= Rocaná =

Orchestral work by Unsuk Chin

Rocaná (Room of Light) is an orchestral composition written in 2008 by the South Korean composer Unsuk Chin. The work was commissioned by the Montreal Symphony Orchestra, the Bavarian State Opera, the Seoul Philharmonic Orchestra, and the Beijing Music Festival. Its world premiere was given by the Montreal Symphony Orchestra conducted by Kent Nagano at the Salle Wilfrid-Pelletier, Montreal, on March 3, 2008.

==Composition==
Rocaná is cast in a single movement and lasts approximately 21 minutes. The title comes from the Sanskrit word meaning "room of light."

===Instrumentation===
The work is scored for a large orchestra comprising three flutes (1st doubling alto flute; 3rd doubling piccolo), three oboes (3rd doubling Cor anglais), three clarinets (3rd doubling bass clarinet), three bassoons (3rd doubling contrabassoon), six horns, four trumpets, trombone, two bass trombones, tuba, timpani, four percussionists, harp, piano, celesta, and strings.

==Reception==
Rocaná has been praised by music critics. Anthony Tommasini of The New York Times called the piece "a knockout," writing, "It begins with a gnarly, clattering, explosion; call it the Little Bang.
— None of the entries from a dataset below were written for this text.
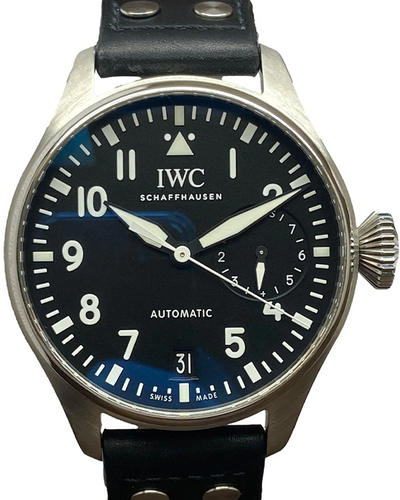 2024 IWC Schaffhausen Pilot 46.2MM Black Dial Leather Strap (IW501001)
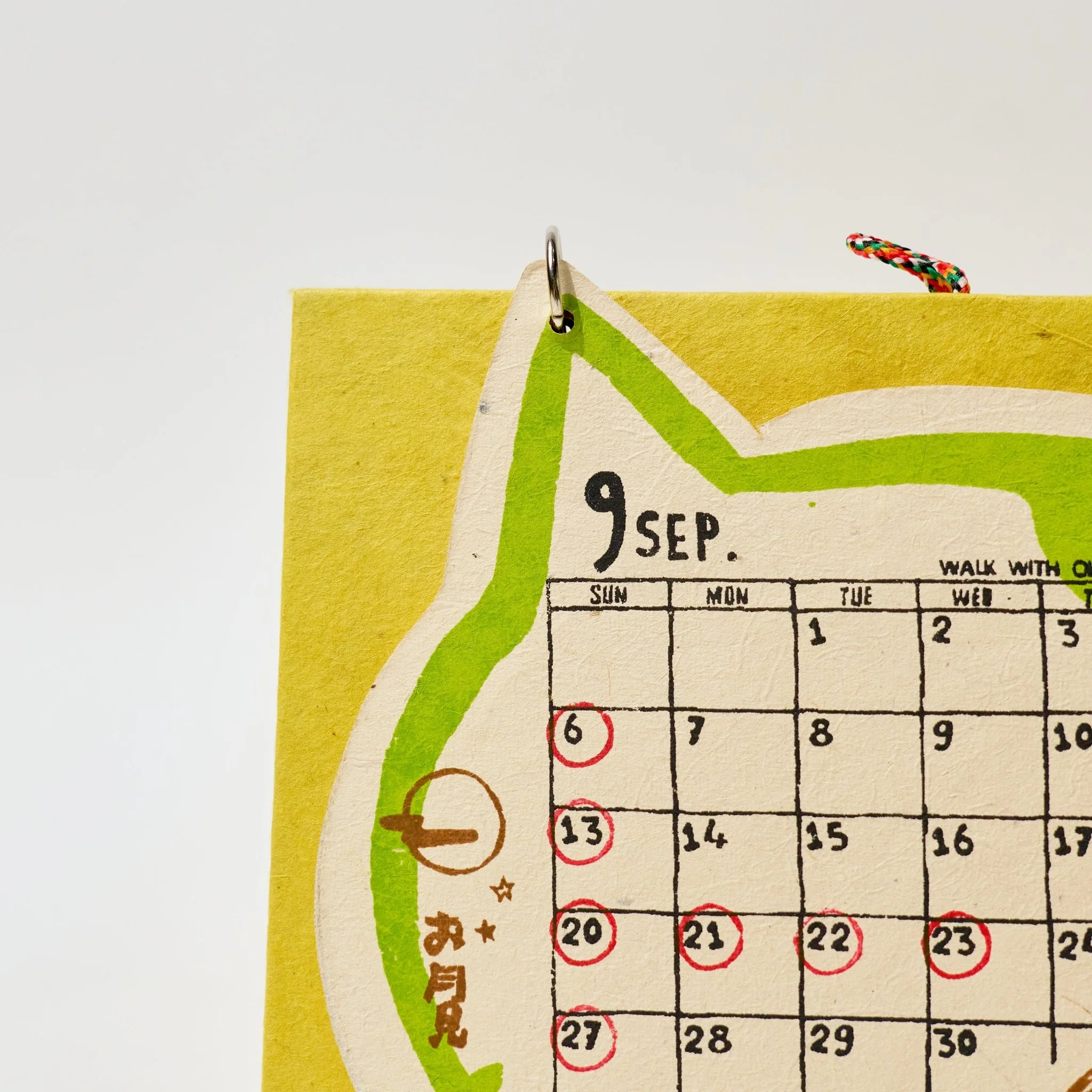 Walk with Okaka Desk Calendar 2026 Designed by Amina / Amina Collection Co., Ltd. - Image 8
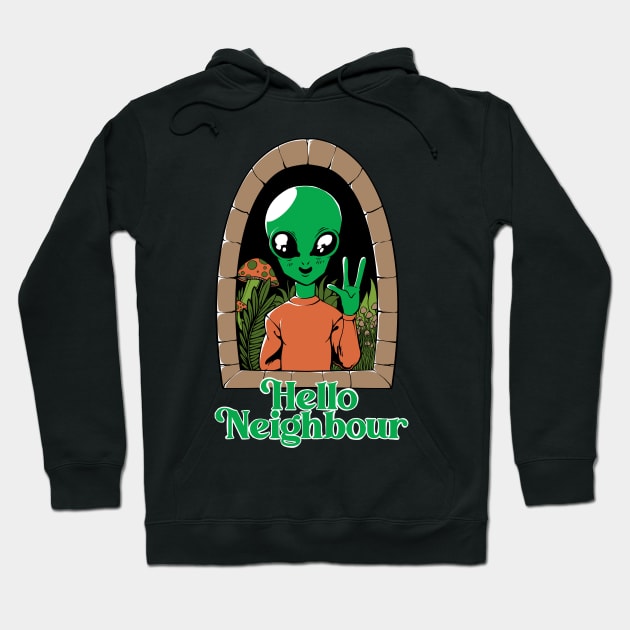 Hello Neighbour Hoodie by Alien Version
Then comes a pattern of background harmonies, always simmering, eerily quiet and pervasive. But throughout the work, jolts of energy keep happening: leaping lines, ominous 12-tonish themes that pierce the tranquil background buzz, outbursts of wailing brasses and metallic strings that come at you like a musical flamethrower." Christopher Dingle of BBC Music Magazine similarly wrote that "the orchestra reflects, refracts and distorts its material as if the sound is sent through combinations of prisms and mirrors. It is intended, and manages, to be a scintillating work, while not being the least bit showy."

==Recording==
A recording of Rocaná, performed by the Montreal Symphony Orchestra conducted by Kent Nagano, was released alongside Unsuk Chin's Violin Concerto No. 1 by Analekta on March 24, 2009.